Reajuste de professores em Aparecida pode ser travado após pedido de vistas de vereador do PL

Apesar da proposta da Prefeitura de Aparecida de Goiânia de conceder um reajuste de 6,27% a partir de 1º de maio para todos os professores da rede municipal, a categoria decidiu manter a greve. A administração do prefeito Leandro Vilela (MDB) afirma que, com o novo índice, todos os docentes passarão a receber acima do piso nacional, mas enfrenta resistência por parte dos profissionais da educação, que cobram o pagamento retroativo do reajuste desde janeiro.

A proposta foi enviada à Câmara Municipal e prevê a correção dos vencimentos, elevando o salário-base para R$ 4.867,77. De acordo com a Prefeitura, apenas 21 professores ainda recebiam abaixo do piso, e todos passarão a ter remuneração superior ao mínimo nacional com a aplicação do reajuste e da gratificação por Atividade Educacional.

Durante a tramitação do projeto, o vereador Felipe Cortês (PL) pediu vistas para tentar incluir a retroatividade no texto.
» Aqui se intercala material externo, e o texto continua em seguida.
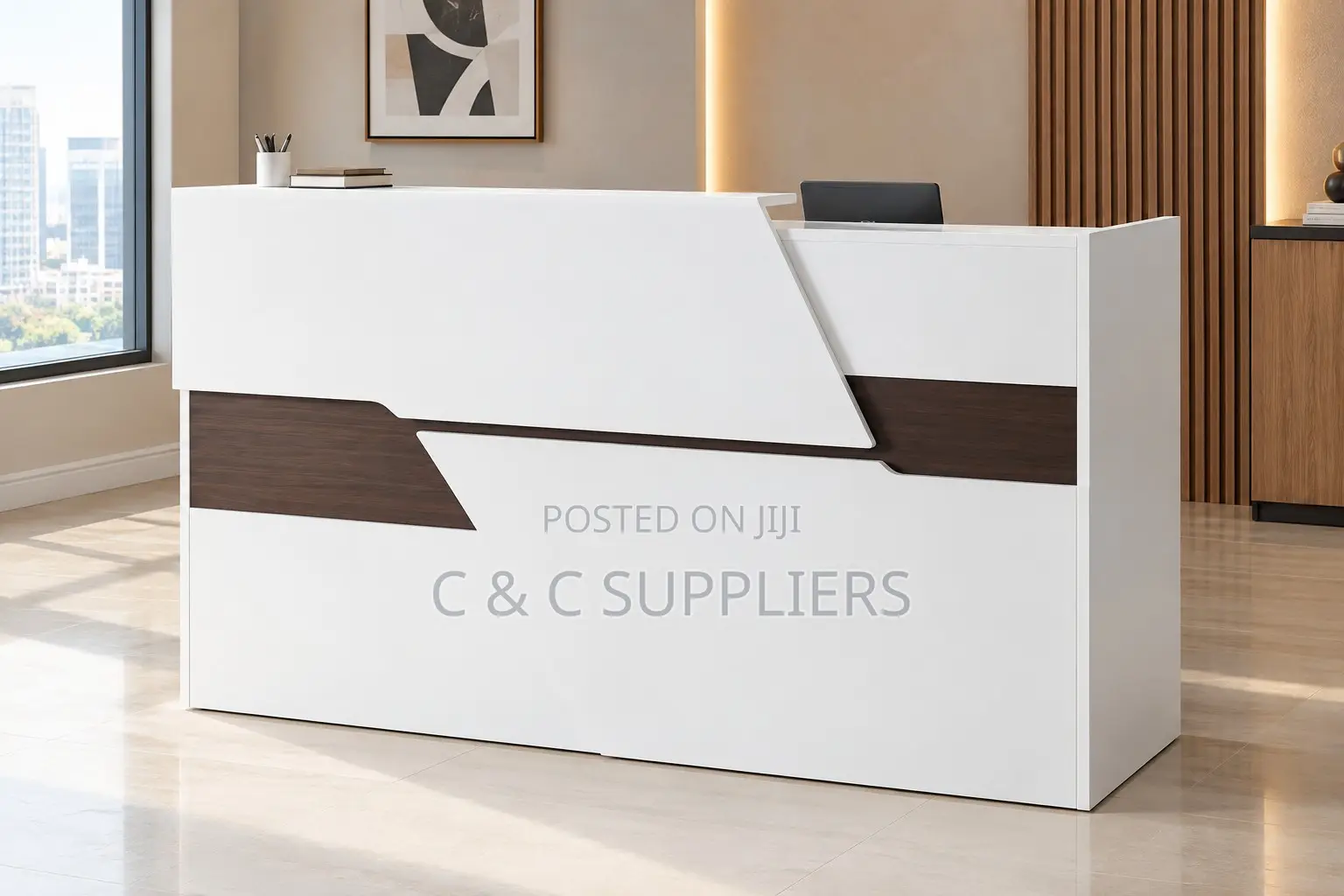 White Front Office Reception Desk-1.6m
No entanto, a medida pode inviabilizar a aprovação, já que o Legislativo não tem prerrogativa para propor alterações que gerem aumento de despesa — o que pode levar à paralisação do projeto e à suspensão do reajuste.
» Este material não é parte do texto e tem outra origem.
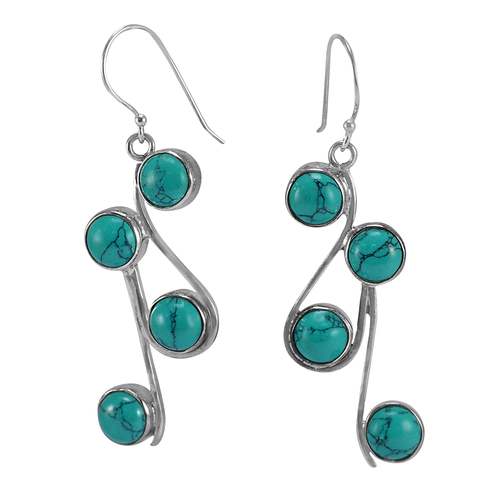Handmade Jewelry Manufacturer 925 Sterling Silver Fish-hook Dangle Earring With Wooden Jaipur Rajasthan India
Enquanto isso, outro projeto do Executivo, que concede um reajuste de 5,48% aos servidores administrativos, com base no IPCA acumulado, foi aprovado pela Câmara.

Diante do impasse, a Prefeitura ingressou com uma ação judicial pedindo a declaração de ilegalidade da greve. O caso está sob análise da 6ª Câmara Cível do Tribunal de Justiça de Goiás (TJ-GO).
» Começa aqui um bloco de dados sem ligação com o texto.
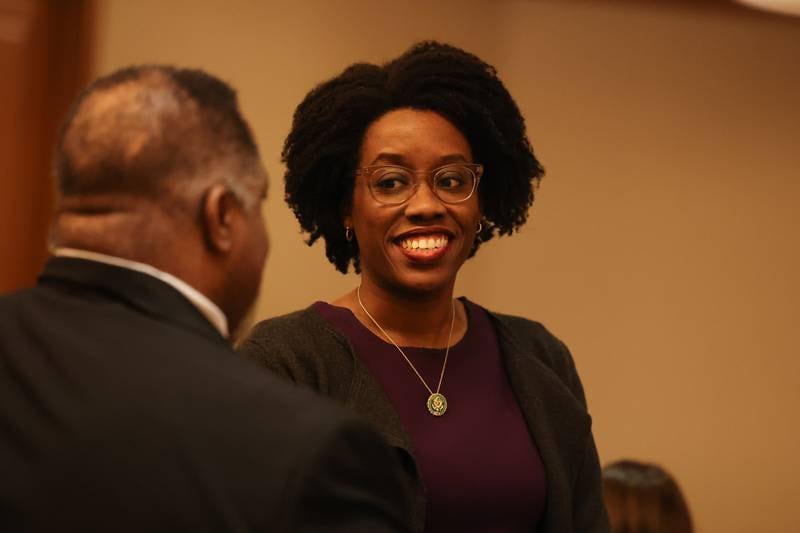 Congresswoman Lauren Underwood attends the Joliet Region Chamber of Commerce luncheon in Joliet.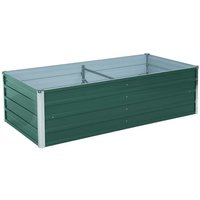 Hochbeet Pflanzbeet Metall Gemüsebeet Pflanzkasten Stahl Beet Blumenbeet Garten RAL6005 (Moosgrün) / 160x80x45 cm von ESTEXO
Paralelamente, o prefeito Leandro Vilela propôs a criação de uma mesa permanente de negociação com a categoria, para discutir eventuais pagamentos retroativos, desde que haja viabilidade orçamentária.

Segundo a gestão municipal, a média salarial dos professores em Aparecida é de R$ 6.500, e a Prefeitura tem priorizado o pagamento dos servidores, mesmo enfrentando um déficit financeiro estimado em R$ 500 milhões, herdado da administração anterior. A administração reforça o apelo pelo retorno das aulas.